Herceptin is a monoclonal antibody, a drug designed to home in on specific cancer cells -- in this case, those that manufacture a protein called HER2. The protein, which is overproduced in 25 -- 30% of breast-cancer cells, transmits a growth signal to the nucleus, or brain center, of the cell. By attaching to HER2, Herceptin blocks the signal, thereby curtailing the growth and proliferation of tumors. Herceptin is recommended only for women whose tumors overexpress HER2. A test to identify such tumors was also approved by the FDA on the same day.

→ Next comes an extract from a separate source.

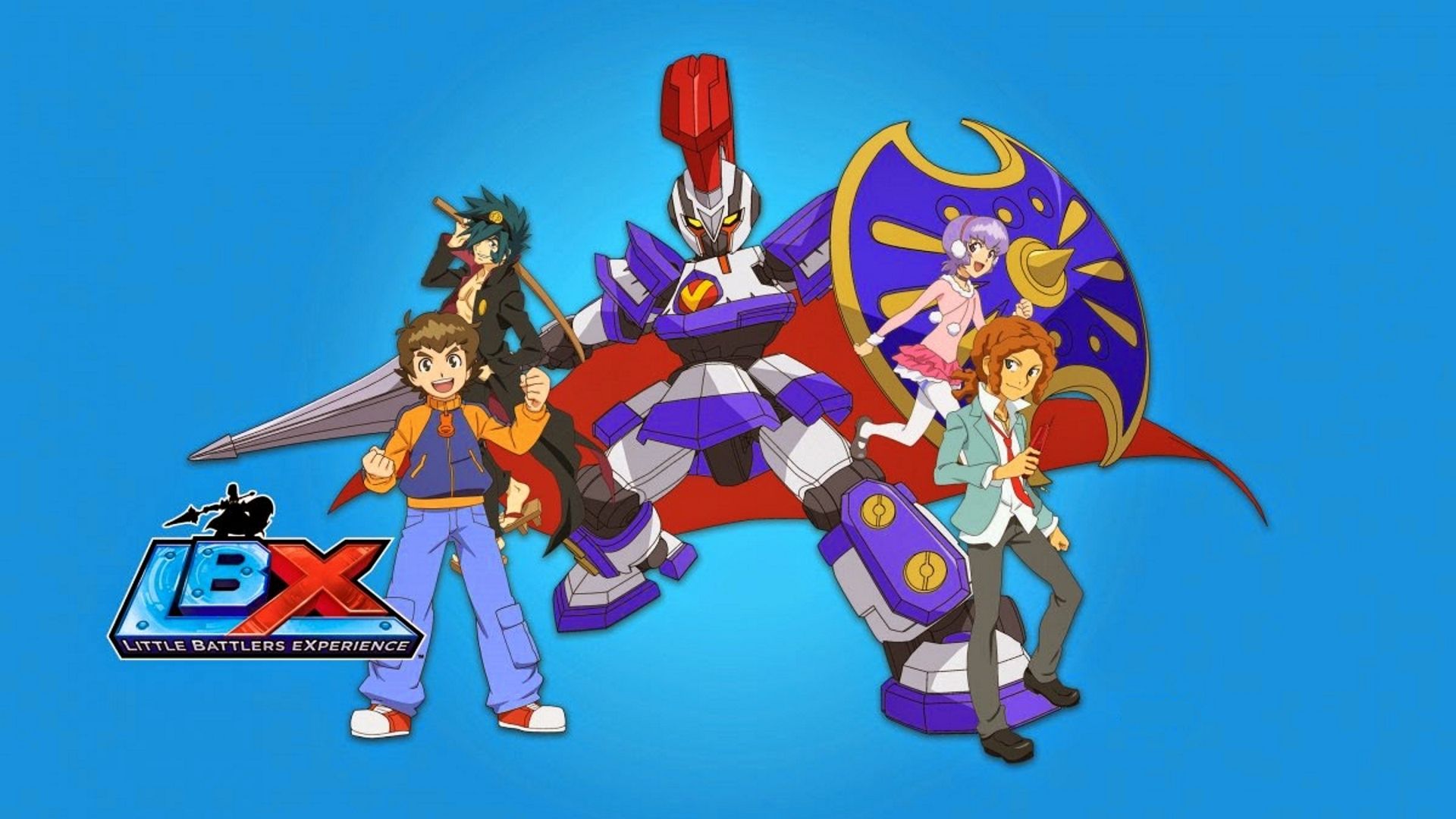 1920x1080 Danball Senki (Anime TV 2011)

Reports of the drug's effectiveness in treating advanced cancers were released last May at the annual meeting of the American Society of Clinical Oncology. The data indicated that Herceptin, when added to conventional chemotherapy, significantly increased the tumor-response rate, delayed the progression of the disease, and extended the survival period. When used alone, Herceptin shrank tumors by 50% or more in 14% of women with metastatic disease for whom two other forms of chemotherapy had been ineffective.

Although Herceptin did not appear to cause nausea, vomiting, hair loss, or the destruction of immune-system cells -- common side effects of cancer chemotherapy -- it was associated with transient chills and fever, diarrhea, and increased susceptibility to infection. It also appeared to increase the risk of heart problems when used in conjunction with anthracyclines and cyclophosphamide but not with Taxol. As a result, the FDA has approved Herceptin only to be used alone or in combination with Taxol.